The 91-year-old leader, who expelled the country’s white farmers and oversaw inflation of 1 million percent, said economic recovery was just around the corner.

Mugabe’s abrupt change of tone toward the West comes after “furiously spitting fire at the West for decades,” Globe&Mail reported.

Unemployment is skyrocketing in Zimbabwe, the economy is in ruin and the dictator now wants help from Western investors and creditors.

“My government values re-engagement of the Western world in the Zimbabwe economy,” he said in what Globe&Mail described as an unusually conciliatory speech.

More than 20,000 Zimbabwe workers have lost their jobs in recent weeks and the earlier 3.2-percent economic growth forecast for 2015 has been reduced to 1.5 percent.

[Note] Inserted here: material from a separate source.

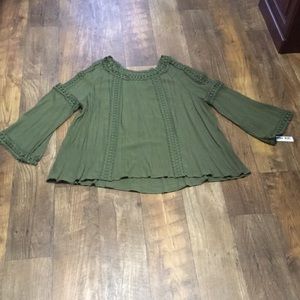 NWT beautiful cold shoulder, bell sleeve top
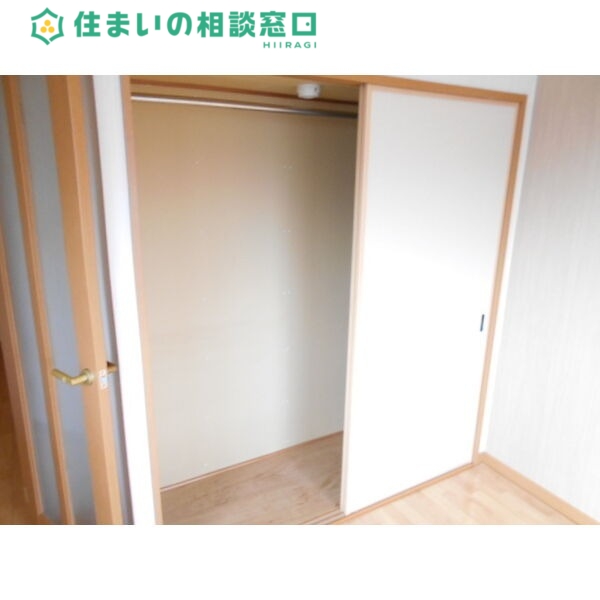 収納　同型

Mugabe blamed drought, according to Mail&Guardian.

Mugabe, 91, promised to “repeal all laws that hamper business,” and called for stronger relations with multilateral institutions including the International Monetary Fund and World Bank.

He was booed by opposition party politicians over the economy as he delivered a speech lasting less than half an hour, Mail&Guardian reported.

Zimbabwe owes lenders about $8.4-billion, Finance Minister Patrick Chinamasa said in November, according to Mail&Guardian. In its first formal contact with the country in more than 10 years, the IMF began a staff monitoring program there in 2013,

Mugabe is a close friend of China, whose volatile economy may be helping change his attitude to the West, Mail&Guardian reported.

China is getting worried about the state of Zimbabwe’s economy, Zimbabwe news outlet The Independent reported recently.

In 2014, China provided the Harare City Council with $144.4-million to rehabilitate waterworks through Eximbank Bank, but some of the money allegedly was used to buy 50 top-of-the-line vehicles worth more than $2-million for politicians and officials, according to TheIndependent.

Zimbabwe has also been failing to repay loans of about US$1.5-billion provided by the Chinese. There are indications that some of the money was misused and could not be accounted for, The Independent reported.

The Zimbabwe government is desperate for the Chinese to fund projects that can create jobs. The Chinese however are worried about bad corporate governance and lack of controls, and have insisted on training Zimbabwe government officials. They’re reluctant to release funds without instituting measures to protect their investment, TheIndependent reported.